Закончить академию отцу так и не удалось. С третьего курса его опять взяли на партийную работу — он стал первым секретарем одного из московских райкомов и получил четырехкомнатную квартиру в знаменитом теперь Доме на набережной — тогда он был известен как Дом правительства.
Мама очень много работала, заведовала парткабинетом на Московском электроламповом заводе... Она не была «домашней» женщиной, и хозяйство вели вечно сменяющиеся домработницы. Но когда родились младшие брат и сестренка, маме пришлось с работы уйти.
Что касается штампа в паспорте, то мои родители действительно не расписывались. Это обнаружилось в довольно трагический момент, когда Никиту Сергеевича в 1964 году в одночасье отправили на пенсию. Выяснилось, что у него нет своего жилья. Он жил в государственном особняке на Ленинских горах. Кстати, строительство этих особняков — его собственная идея. Как в Америке: работаешь — живешь в Белом доме, нет — выезжаешь. В итоге управление делами ЦК КПСС в одном из своих домов выделило ему квартиру. Надо было прописаться, и тут выяснилось, что брак их формально не оформлен. Мама на всю жизнь сохранила свою фамилию Кухарчук. В 20-е годы, когда они поженились, это не имело никакого значения. Молодые люди могли просто объявить всем знакомым, что теперь они муж и жена.
Очень скоро нас эвакуировали. Немцы наступали, город взяли в клещи. Мама собрала всех родственников, мы погрузились в личный вагон отца и выехали — чуть ли не последним поездом. Из Москвы, когда начались фашистские бомбежки, уехали в Куйбышев. Там нас поселили в многоэтажный современный дом на берегу Волги, где жили обкомовские работники. Дом освободили от жильцов и отдали семьям московского руководства... Школа, в которой мы учились, была, можно сказать, элитарной. У нас были маленькие классы и замечательные преподаватели, многие еще из дореволюционных времен.

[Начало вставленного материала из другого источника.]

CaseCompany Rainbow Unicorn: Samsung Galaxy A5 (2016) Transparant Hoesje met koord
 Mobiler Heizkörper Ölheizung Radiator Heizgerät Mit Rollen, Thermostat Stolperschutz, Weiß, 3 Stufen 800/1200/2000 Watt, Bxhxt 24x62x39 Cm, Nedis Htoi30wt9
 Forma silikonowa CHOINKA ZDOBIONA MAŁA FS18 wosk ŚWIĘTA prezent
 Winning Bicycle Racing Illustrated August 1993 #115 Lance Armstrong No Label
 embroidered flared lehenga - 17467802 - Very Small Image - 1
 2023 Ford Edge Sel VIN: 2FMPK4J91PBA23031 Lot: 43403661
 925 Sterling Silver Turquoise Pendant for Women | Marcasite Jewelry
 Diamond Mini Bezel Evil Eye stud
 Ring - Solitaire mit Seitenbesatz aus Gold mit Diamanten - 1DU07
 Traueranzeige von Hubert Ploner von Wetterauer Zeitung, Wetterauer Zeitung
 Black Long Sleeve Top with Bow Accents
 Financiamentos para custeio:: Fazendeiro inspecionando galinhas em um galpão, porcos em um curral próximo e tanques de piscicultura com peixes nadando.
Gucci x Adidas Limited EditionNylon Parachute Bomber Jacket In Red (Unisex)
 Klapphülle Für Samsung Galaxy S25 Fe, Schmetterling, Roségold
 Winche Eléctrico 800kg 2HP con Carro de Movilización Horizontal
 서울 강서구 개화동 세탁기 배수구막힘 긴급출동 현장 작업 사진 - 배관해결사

когда предстоящий визит обсуждался на заседании Политбюро, Микоян сказал: «Вот что я тебе советую, Никита, возьми с собой семью. Ведь там о нас думают, что мы, коммунисты, — черти рогатые и хвост у нас растет. Нина Петровна говорит по-английски, дети тоже…»
Мы же старались не уронить себя в глазах самоуверенных американцев. Маме, например, показывали американскую прачечную, химчистку, считая, что мы должны рты раскрыть. Конечно, многое для нас было откровением, но мы виду не показывали.
Алексею помогли друзья — устроили в журнал «Советский Союз». Пропагандистское красочное, богато иллюстрированное издание. Для мужа эта работа была ссылкой, в которой он пребывал последующие 20 лет. Самое страшное было — невозможность работать, писать под своей фамилией. Настоящий запрет на профессию.
Когда отец умер, мы ничего не могли предпринять самостоятельно — ждали решения сверху. Нужно было распоряжение — где хоронить, как.
Похороны помню смутно, как в тумане. Подъезжаем к Новодевичьему, пустая улица, оцепление, теснящее толпу… Мои редакционные коллеги рассказывали потом, с каким трудом они пробивались.
Думаю, просто хотели как можно больше унизить Хрущева. На кладбище есть маленькая площадь, где можно установить гроб, попрощаться. Даже этого сделать не разрешили. Гроб пронесли к могиле, поставили прямо на выкопанной земле.
Мама пережила отца на 10 лет. Жила одна — ей дали дачу в совминовском поселке Жуковка... Долгие годы у нее, как и у отца, был своеобразный круг общения — в основном по рангам и должностям. После отставки все эти отношения распались. Многие, может быть, и рады были бы навестить, но боялись. Такое было время.